Check each line of the entries below for the word "High", and copy the lines that have it.

(Recorded data)

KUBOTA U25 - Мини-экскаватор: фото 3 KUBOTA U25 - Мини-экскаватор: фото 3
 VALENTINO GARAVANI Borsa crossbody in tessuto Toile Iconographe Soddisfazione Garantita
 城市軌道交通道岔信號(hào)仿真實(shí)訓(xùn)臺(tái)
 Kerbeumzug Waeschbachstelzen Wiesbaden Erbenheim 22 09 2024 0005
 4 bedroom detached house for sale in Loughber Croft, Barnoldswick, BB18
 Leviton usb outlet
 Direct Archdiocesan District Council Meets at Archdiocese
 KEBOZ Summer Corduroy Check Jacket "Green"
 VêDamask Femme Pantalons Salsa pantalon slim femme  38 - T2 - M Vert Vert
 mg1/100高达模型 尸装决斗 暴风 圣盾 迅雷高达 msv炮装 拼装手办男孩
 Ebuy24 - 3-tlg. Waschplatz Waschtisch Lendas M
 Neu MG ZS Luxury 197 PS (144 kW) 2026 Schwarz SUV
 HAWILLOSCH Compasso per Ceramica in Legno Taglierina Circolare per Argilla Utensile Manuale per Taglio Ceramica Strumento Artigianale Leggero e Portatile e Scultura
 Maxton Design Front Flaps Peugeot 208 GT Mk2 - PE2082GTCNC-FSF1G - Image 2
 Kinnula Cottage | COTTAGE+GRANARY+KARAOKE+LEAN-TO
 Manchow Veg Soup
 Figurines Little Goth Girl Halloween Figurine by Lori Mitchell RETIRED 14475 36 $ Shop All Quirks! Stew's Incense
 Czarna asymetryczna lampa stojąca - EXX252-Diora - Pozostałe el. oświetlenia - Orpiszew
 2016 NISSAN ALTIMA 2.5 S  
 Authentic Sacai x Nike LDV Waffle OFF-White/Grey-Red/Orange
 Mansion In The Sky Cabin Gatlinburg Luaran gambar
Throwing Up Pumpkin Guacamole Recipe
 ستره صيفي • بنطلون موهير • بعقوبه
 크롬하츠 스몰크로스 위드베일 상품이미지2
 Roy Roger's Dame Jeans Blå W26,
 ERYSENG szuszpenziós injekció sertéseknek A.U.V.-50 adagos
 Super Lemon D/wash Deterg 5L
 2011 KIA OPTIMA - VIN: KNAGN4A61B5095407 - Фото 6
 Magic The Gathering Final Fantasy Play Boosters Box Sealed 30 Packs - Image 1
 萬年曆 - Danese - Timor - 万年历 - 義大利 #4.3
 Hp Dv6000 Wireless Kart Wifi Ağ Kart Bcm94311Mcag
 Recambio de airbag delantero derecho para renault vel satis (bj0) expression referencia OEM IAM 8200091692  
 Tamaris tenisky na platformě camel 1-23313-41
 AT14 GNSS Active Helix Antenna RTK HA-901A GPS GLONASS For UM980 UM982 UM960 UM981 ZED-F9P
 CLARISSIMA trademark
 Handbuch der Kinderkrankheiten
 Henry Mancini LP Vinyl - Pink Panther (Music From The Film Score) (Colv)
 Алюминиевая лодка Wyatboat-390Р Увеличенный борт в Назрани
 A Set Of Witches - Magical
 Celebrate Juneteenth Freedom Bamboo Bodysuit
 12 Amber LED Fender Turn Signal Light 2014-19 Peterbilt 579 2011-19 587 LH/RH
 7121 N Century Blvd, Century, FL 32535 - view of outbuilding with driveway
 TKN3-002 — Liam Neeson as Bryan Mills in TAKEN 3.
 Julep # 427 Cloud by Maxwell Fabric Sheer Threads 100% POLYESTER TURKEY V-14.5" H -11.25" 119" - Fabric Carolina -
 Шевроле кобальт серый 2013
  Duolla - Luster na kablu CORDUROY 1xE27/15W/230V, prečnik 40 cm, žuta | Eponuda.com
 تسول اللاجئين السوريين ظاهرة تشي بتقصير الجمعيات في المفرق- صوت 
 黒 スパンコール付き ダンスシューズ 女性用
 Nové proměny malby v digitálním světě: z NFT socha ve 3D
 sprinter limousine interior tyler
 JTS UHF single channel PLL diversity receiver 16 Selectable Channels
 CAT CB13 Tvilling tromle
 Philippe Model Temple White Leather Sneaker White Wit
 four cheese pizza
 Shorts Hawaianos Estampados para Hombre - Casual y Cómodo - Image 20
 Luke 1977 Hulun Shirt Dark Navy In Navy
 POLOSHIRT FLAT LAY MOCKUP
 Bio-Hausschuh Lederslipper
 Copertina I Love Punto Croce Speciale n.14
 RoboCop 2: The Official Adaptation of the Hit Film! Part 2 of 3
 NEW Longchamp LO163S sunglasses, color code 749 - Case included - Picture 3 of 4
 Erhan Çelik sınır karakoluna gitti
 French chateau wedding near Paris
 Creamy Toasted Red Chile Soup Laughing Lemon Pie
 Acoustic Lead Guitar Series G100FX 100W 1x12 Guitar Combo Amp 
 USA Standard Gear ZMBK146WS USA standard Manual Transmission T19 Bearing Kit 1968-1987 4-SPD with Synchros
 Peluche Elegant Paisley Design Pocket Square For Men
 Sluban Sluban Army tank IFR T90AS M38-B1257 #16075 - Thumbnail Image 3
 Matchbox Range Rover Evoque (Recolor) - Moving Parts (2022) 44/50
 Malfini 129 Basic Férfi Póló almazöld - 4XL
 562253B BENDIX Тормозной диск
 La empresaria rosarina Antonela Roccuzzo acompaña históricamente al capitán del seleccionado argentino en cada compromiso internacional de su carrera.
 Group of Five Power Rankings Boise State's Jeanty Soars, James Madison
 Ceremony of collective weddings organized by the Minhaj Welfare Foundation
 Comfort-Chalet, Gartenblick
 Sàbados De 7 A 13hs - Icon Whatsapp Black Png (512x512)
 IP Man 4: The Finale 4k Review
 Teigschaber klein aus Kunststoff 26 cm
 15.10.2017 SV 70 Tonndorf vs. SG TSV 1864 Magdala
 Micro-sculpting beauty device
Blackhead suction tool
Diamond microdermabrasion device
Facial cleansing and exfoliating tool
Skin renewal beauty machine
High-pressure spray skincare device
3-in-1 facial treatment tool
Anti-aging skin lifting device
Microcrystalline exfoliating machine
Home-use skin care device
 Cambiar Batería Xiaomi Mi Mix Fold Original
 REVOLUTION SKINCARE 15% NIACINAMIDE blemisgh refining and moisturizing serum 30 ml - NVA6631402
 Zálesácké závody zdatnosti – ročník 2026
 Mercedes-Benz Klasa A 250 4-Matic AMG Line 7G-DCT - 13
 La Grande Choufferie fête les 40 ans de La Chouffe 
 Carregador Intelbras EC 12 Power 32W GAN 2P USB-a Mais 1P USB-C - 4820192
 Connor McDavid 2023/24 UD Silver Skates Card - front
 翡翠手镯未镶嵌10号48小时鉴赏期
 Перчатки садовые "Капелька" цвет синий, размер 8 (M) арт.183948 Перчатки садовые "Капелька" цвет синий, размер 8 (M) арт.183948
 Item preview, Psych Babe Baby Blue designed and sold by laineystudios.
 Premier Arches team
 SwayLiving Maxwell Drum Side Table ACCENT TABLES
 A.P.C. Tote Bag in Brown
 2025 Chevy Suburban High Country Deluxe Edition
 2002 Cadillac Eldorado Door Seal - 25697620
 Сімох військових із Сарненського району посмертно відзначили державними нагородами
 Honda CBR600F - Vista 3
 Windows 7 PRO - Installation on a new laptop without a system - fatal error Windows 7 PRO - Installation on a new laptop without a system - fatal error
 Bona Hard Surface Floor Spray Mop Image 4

(End Recorded data)

**Written solution:**
High-pressure spray skincare device
 2025 Chevy Suburban High Country Deluxe Edition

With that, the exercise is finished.